Shot this out at Evergreen Drift in Monroe, Washington today. This car is beyond photogenic in my eyes. Love it. 




Rob Primo by M.Larsonphotography, on Flickr

Blah, my watermark looks too big. It never does until I post the image from flickr somewhere. Will re-edit tomorrow and downsize it.


----------



## dakkon76 (Aug 13, 2012)

Great care to pick, and I'm not sure panned shots get any sharper than that do they? Excellent capture.


----------



## Wozza (Aug 14, 2012)

Awesome car and pan, maybe a little too much foreground though? Ace shot.


----------



## Derrel (Aug 14, 2012)

Very nice! I love the rendering of the motion at the speed you used. Looks pretty good! Pretty DAMNED GOOD! And those neon green rims? Totally SICK!!!!!


----------



## Mach0 (Aug 14, 2012)

Nice 240


----------



## PNWSGM (Aug 15, 2012)

Thanks for the comments everybody!



Wozza said:


> Awesome car and pan, maybe a little too much foreground though? Ace shot.

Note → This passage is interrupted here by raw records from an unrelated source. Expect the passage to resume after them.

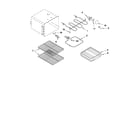 Whirlpool WKP85800 oven parts diagram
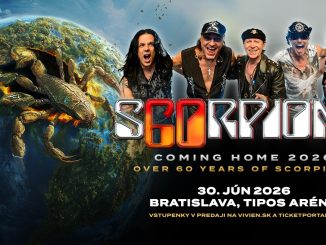 SCORPIONS OSLAVUJÚ 60 ROKOV! WIND OF CHANGE ZAZNIE NAŽIVO AJ V BRATISLAVE Scorpions grafika_na šírku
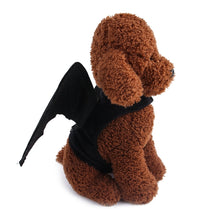 Load image into Gallery viewer, Creative Cat Dog Halloween Bat Wings Funny Props Pet Clothes, S, M, L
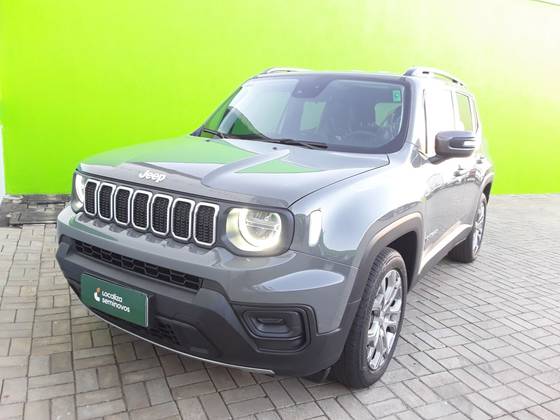 JEEP RENEGADE 1.3 T270 TURBO FLEX LONGITUDE AT6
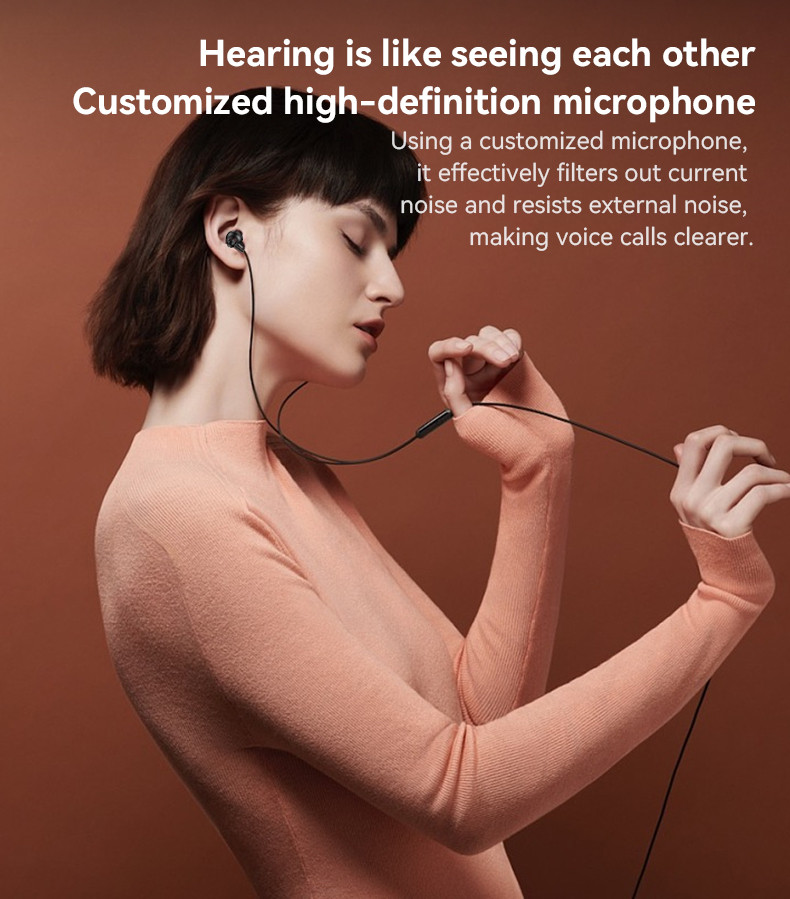 YESIDO YH47 3.5mm Aluminum Alloy In-ear Wired Earphone Details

Yeah however this picture is cropped down from the original due to a very distracting red car in the background of the original. 



Derrel said:


> Very nice! I love the rendering of the motion at the speed you used. Looks pretty good! Pretty DAMNED GOOD! And those neon green rims? Totally SICK!!!!!



Thanks! Yes the rims are neon green. 


For those who know cars, the car is powered by a 2jz-gte. Another shot of it from a different event:




R. Primo by M.Larsonphotography, on Flickr


----------



## Mot (Aug 18, 2012)

Nice shots and nice car! Reminds me of the Nissan 200SX (S13) my Dad had before he got his R34. Japanese imports are cool!


----------



## imagemaker46 (Aug 18, 2012)

Very nice image


----------



## onehundredoctane (Sep 5, 2012)

I've always wanted to try panning with a car to catch it and make the background blurry, this makes me want to do it even more!!!

Kouki S14, my favorite! Don't think I could ever get rid of mine


----------



## joe11 (Sep 7, 2012)

Love it !


----------